Die Folgen von Vorurteilen
Vorurteile sind gefährlich. Sie können für Konflikte und Anspannungen im Team führen und unser alltägliches Zusammenleben erschweren. Von den schädlichen Auswirkungen lesen wir täglich in den Medien, Fremdenhass und Feindlichkeit gegenüber anderen Religionen können ernste Konsequenzen, basierend auf Vorurteilen. Drei typische Verhaltensweisen, entstehend aus Vorurteilen, sind:
Missverständnisse
„Wie kann die das unterstützen? Das verstehe ich nicht.“
Menschen verhalten sich anders, als man selbst.
Selbst-Illusion
„Ich habe Recht!“
Wir nehmen eine egozentrische Perspektive ein, die eigenen Werte und Verhalten sind das Beste für alle.
Wertetyrannei
„Ich erkläre dir jetzt mal, wie du das machen musst!“
Wir überzeugen und reden, beeinflussen und belehren. Wir versuchen, unsere eigenen Werte anderen „überzustülpen“ und deren Verhalten zu verändern
Wie können Sie es besser machen? 7 Tipps gegen Vorurteile
Damit Sie künftig entspannter und konfliktfreier durch Ihren (Arbeits-)Alltag steuern, ist es wichtig, sich dieser Wahrnehmungsfehler bewusst zu sein. Vor allem als Führungskraft ist es Ihre Aufgabe, die Bedürfnisse und Werte Ihrer Mitarbeitenden zu verstehen, um diese einfacher motivieren zu können und Spannungen im Team aufzulösen.
- Geben Sie sich und anderen Menschen Zeit. Beobachten Sie andere zunächst genau und lernen Sie sie besser kennen. So vermeiden Sie vorschnelle Urteile.
- Machen Sie sich stets bewusst, dass jeder Mensch unterschiedliche Werte, Motive und Interessen hat.
- Wenn Sie meinen, sich einen Eindruck von Ihrem Gegenüber gebildet zu haben, hinterfragen Sie diesen lieber noch einmal. Folgende Fragen helfen Ihnen dabei: Wie haben Sie diesen Eindruck gebildet und aufgrund wovon? Erinnert Sie diese Person an jemanden? Welche Bedeutung hat das Äußere der Person auf Sie?

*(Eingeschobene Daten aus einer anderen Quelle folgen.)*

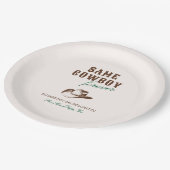 Dezelfde cowboy voor altijd vrijgezellenweekend papieren bordje (Gekanteld)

- Ihnen ist eine Person sympathisch? Achten Sie darauf, keine rosarote Brille zu tragen. Ihnen ist eine Person unsympathisch? Suchen Sie bewusst nach Kriterien, die diese erste Einschätzung widerlegen. Denn somit öffnen Sie sich bewusst für ein neues Urteil.
- Akzeptieren Sie, dass nicht nur Ihre Sichtweise die einzig richtige ist. Vielmehr gibt es mehr als eine Wahrheit.

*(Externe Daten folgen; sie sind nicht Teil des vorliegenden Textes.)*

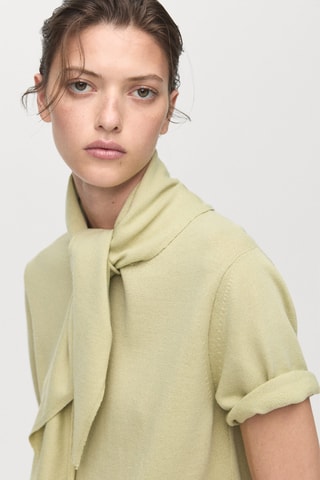 Pull manches courtes à foulard - Vert pastel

- Berücksichtigen Sie bei jeder Kommunikation die Perspektive des anderen. Legen Sie öfters Ihre eigene Brille ab und machen Sie sich der Brille des anderen bewusst.

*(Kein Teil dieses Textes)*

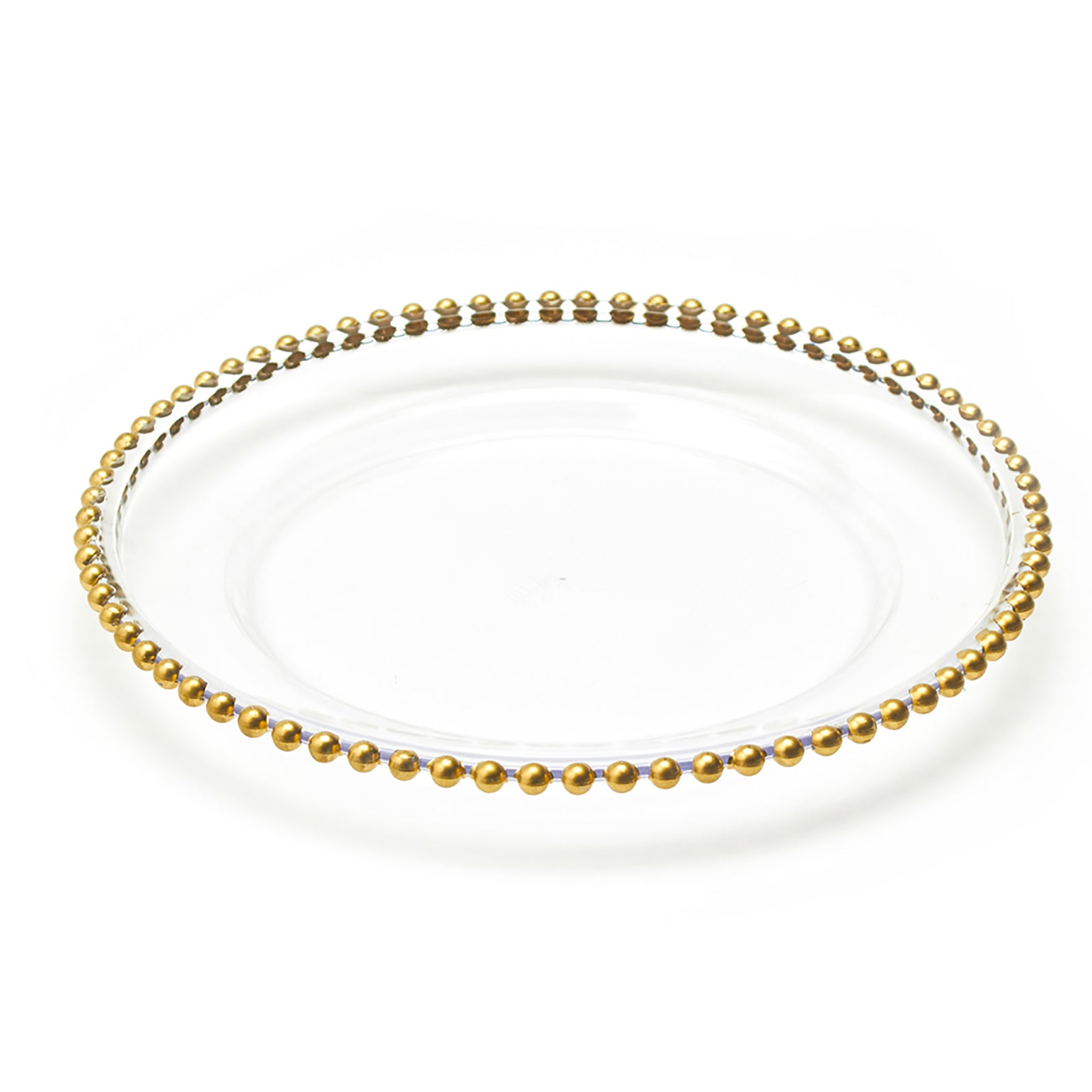 Glass clear beaded charger plate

- Extra-Tipp: Vor allem, wenn Ihnen der Kontakt mit einer Person sehr schwer fällt, fragen Sie sich vor Meetings, Telefonaten oder Treffen: „Was schätze ich an dieser Person?“ Sammeln Sie drei bis fünf Eigenschaften, die Sie an Ihrem Gegenüber achten. Sie werden merken, dass Sie nicht nur positiver und entspannter in das Gespräch gehen, sondern sich auch für neue Perspektiven auf den eigentlich ungeliebten Menschen einlassen.